I buy the Berkshires, cable and other hardware in bulk and build them to the size I need for each situation. You can buy them premade in different lengths, but it's cheaper and more practical to build them myself.
Here I have a length of cable, Berkshire, aluminum ferrules & stops, snare, quick link, name tag, support stake & wire, and cable cutters. You can cut the cable with side cutters but you will get a cleaner cut with the cable cutters.
After cutting my cable to 24" I have attached the anchor and crimped the ferrules and stops in place. You need to leave a loop on one end for your quick link that will attach to your snare. This leaves me with a 20" earth anchor that will hold most coyotes in most soil conditions.
Here's the finished rig with name tag attached and deer stop crimped into place. Ohio law states our snares have to have a stop to prevent the opening of the snare from closing to a diameter of less than 2 1/2 inches in diameter, or a relaxing lock system with a breaking point of not greater than 350 pounds.
The anchor has a pointed end with a little dimple for the end of your driver to fit in. You can buy a driver or make your own as I did. The anchor is pushed into the ground all the way to the snare connection. Most of the time you will have to drive about half of the anchor by hitting the driver with a hammer. i added a strike plate to my driver just for this. Once the anchor is driven you pull the driver out and give the cable a short tug. This forces the anchor to cam itself horizontal in the ground, and will be next to impossible to pull out.

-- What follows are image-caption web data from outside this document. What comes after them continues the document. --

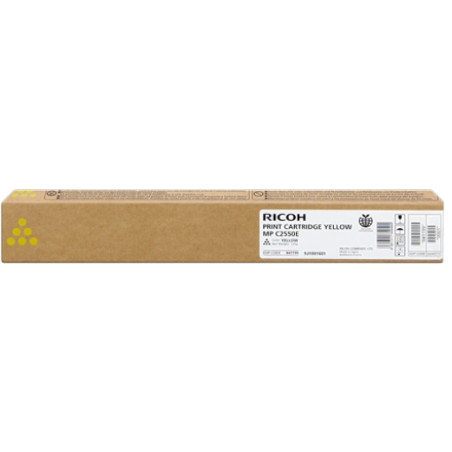 Ricoh 842058 842058, 5500 páginas, Amarillo, 1 pieza(s)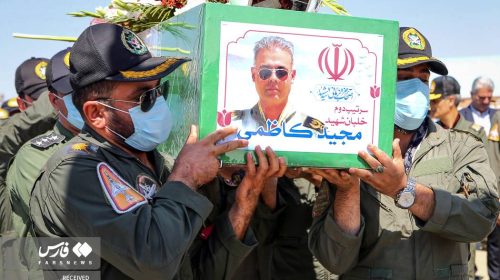 قهرمان آسمان به وطن بازگشت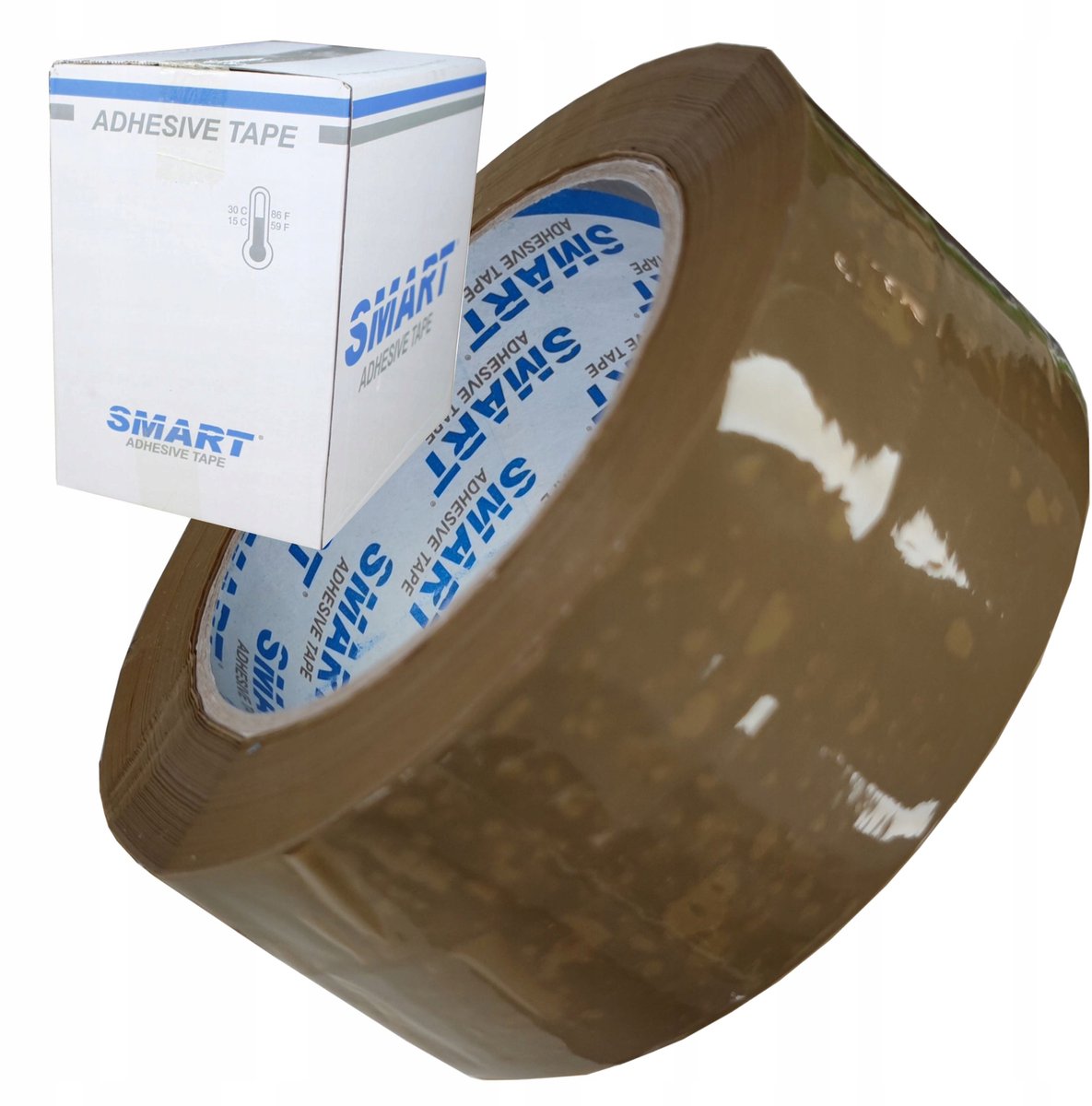 Sterke Mist Solvent Pakkingstape 48mm x 132m - Hoge Kwaliteit
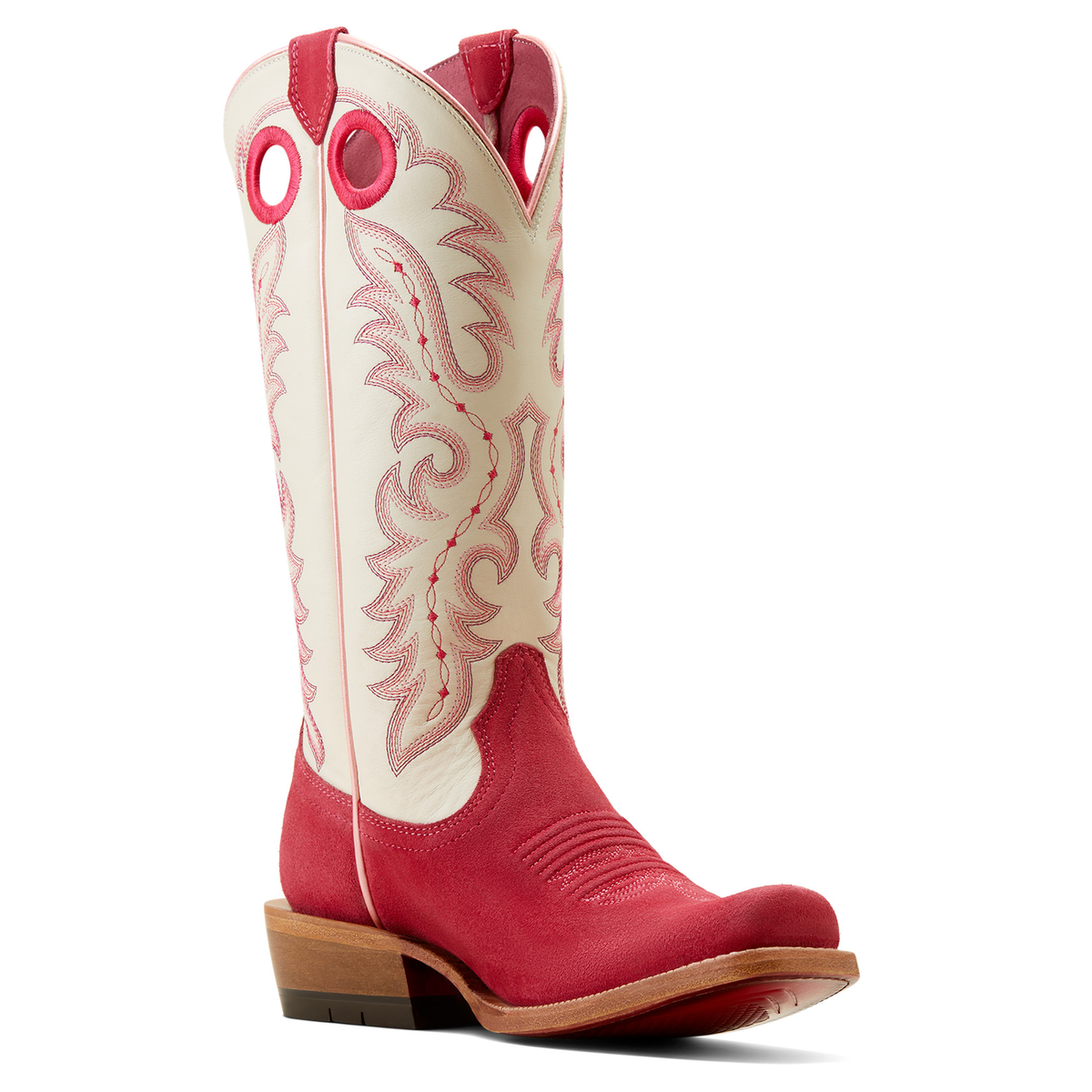 Ariat Women’s Futurity Boot - Boon Deep Azalea/Blanco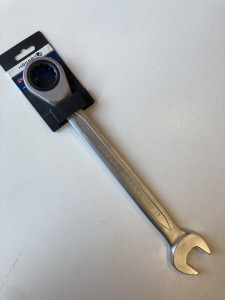 HOGERT KLUCZ PŁASKO-OCZKOWY Z GRZECHOTKĄ 27 MM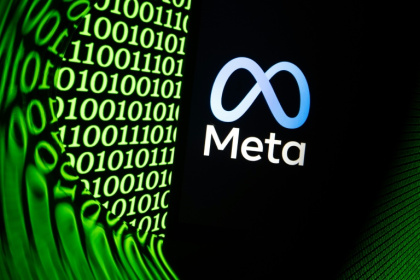 Photo d'illustration montrant le logo de Meta affiché sur l'écran d'un smartphone à Mulhouse (est de la France), le 11 février 2026 - SEBASTIEN BOZON (AFP)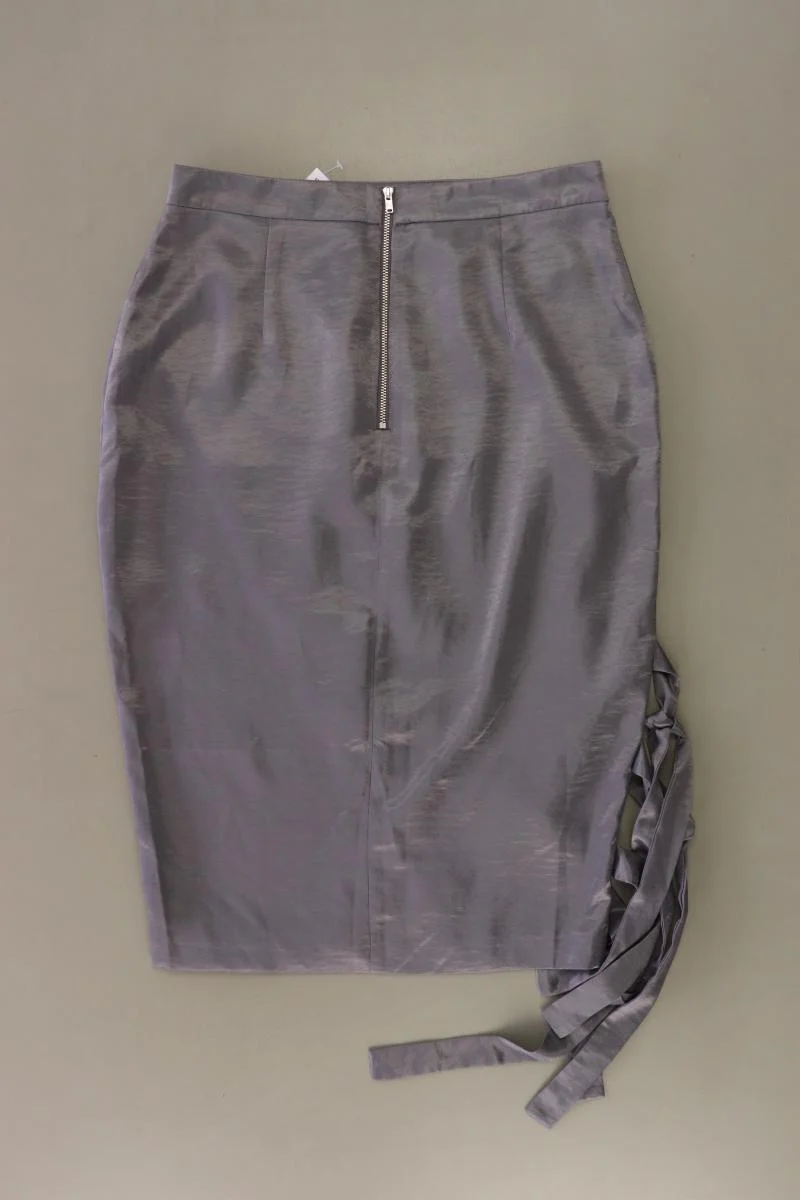 MISSGUIDED Midirock Gr. 38 grau aus Polyester - Image 2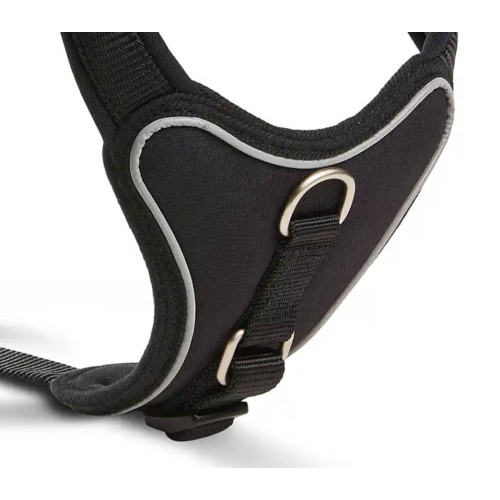 Шлейка для собак Wolters, Professional Comfort, чорна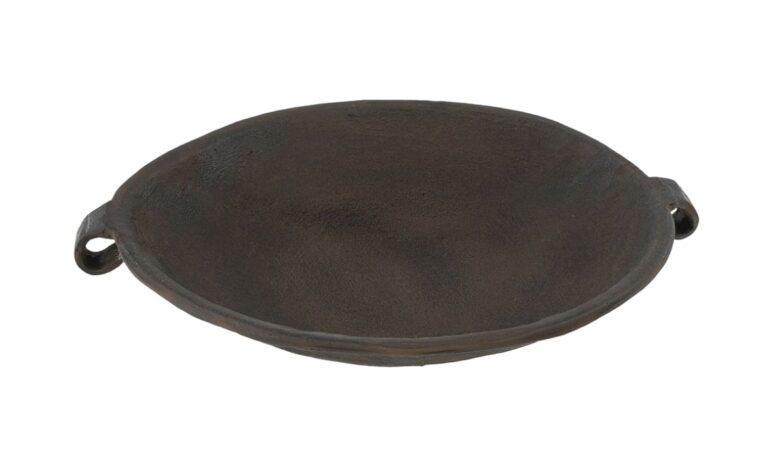 Aluminum cast large bowl from Indaba.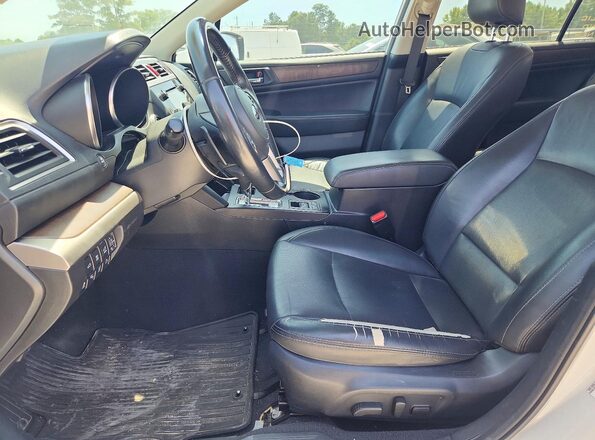 4S4BSANC1G3331962 2016 SUBARU OUTBACK White Vista interior delantera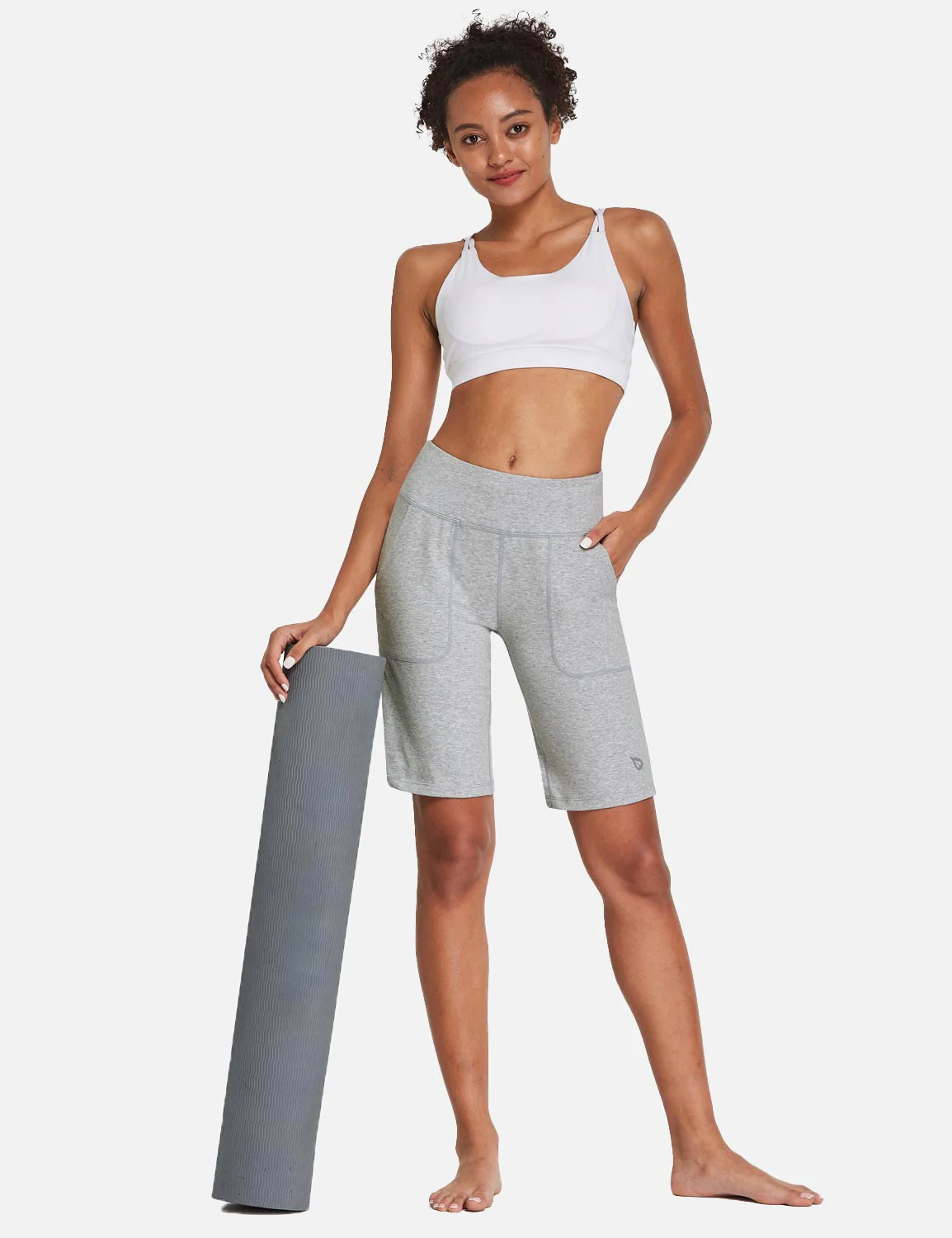Laureate High Rise Bermuda Shorts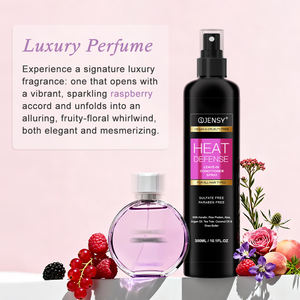 <span class=keywords><strong>Spray</strong></span> Desenredante de Marca Privada Acondicionador sin Enjuague Tratamiento Nutritivo para Cabello Seco Rizado y Encrespado con Keratina y Protección contra el Calor - Product Image 4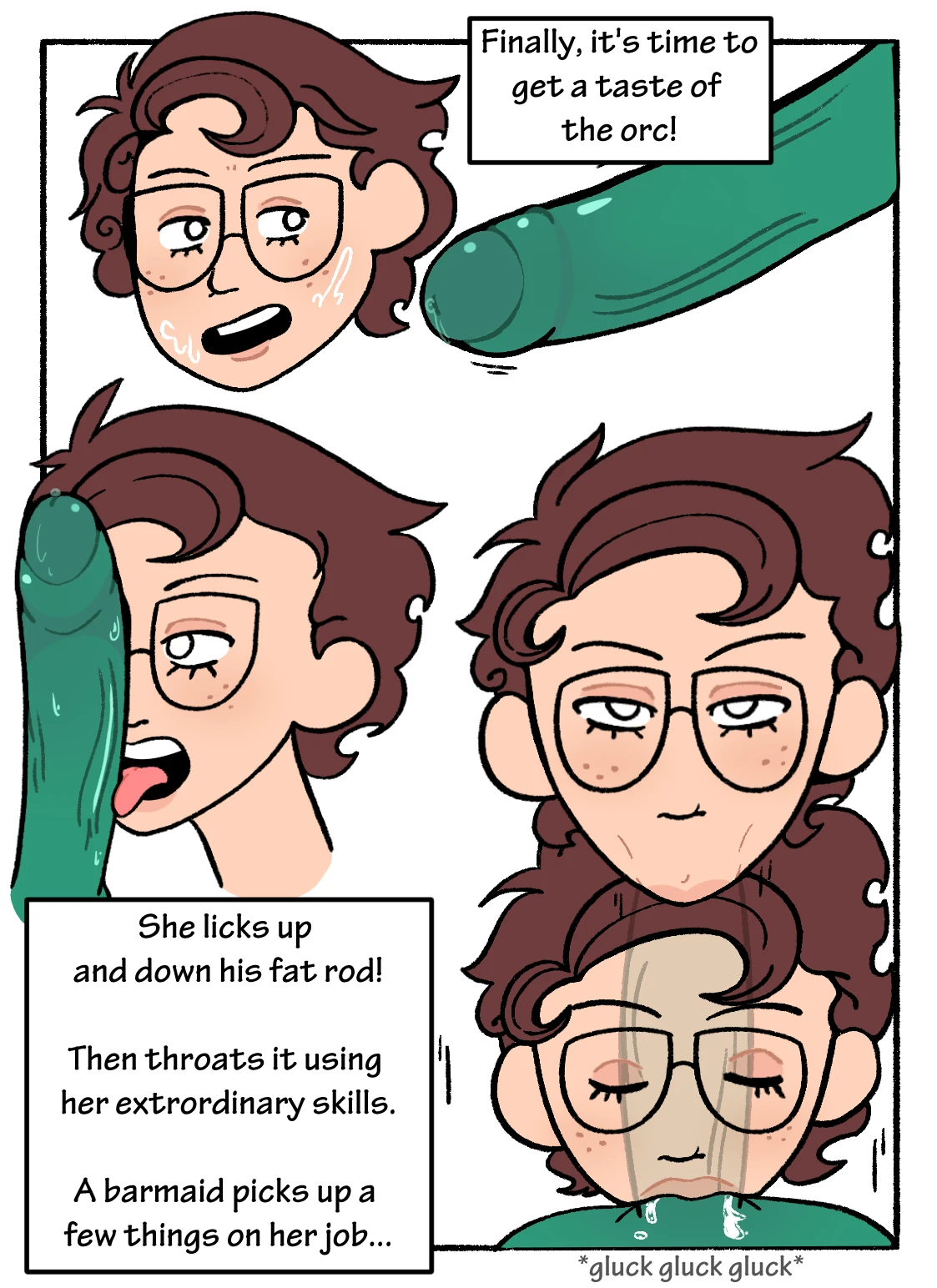 Mom! Don't Interrupt Our DnD Campaign! porn comic picture 27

Next I have attached a 24" piece of nine wire to a 12' wooden stake for my support. I carry about a dozen of these with me along with spare wire that can be wrapped around a fence post, tree etc instead of the stake. You can use smaller gauge wire but the nine wire makes for a very stiff firm support that won't get blown over or nocked down.
The support wire will fit snug into the support collar on the snare. These snares have a short piece of rubber tube for a support collar.
I'll carry about a dozen snares, support stakes, hammer, driver, side cutters, extra wire and rubber gloves when I'm setting. Compared to a dozen footholds, you are not carrying much weight.
Here's a trail that leads into an overgrown orchard that the yotes travel through. There's a small anthill behind the weeds on the left and a small tree to the right that funnels the yote through this spot. I can't stress enough to look for pinch points like this. Also when setting the snare, approach the trail from the side so you leave as little scent and disturbance as possible. You want the trail to basically look the same as when you found it.
I hung the snare roughly 10" off the ground and used a few weeds to blend it in. Don't get carried away with trying to hide the snare as you might make an obstacle out of an open trail. This was a brand new snare set for a demo and really sticks out compared to the snares that are treated.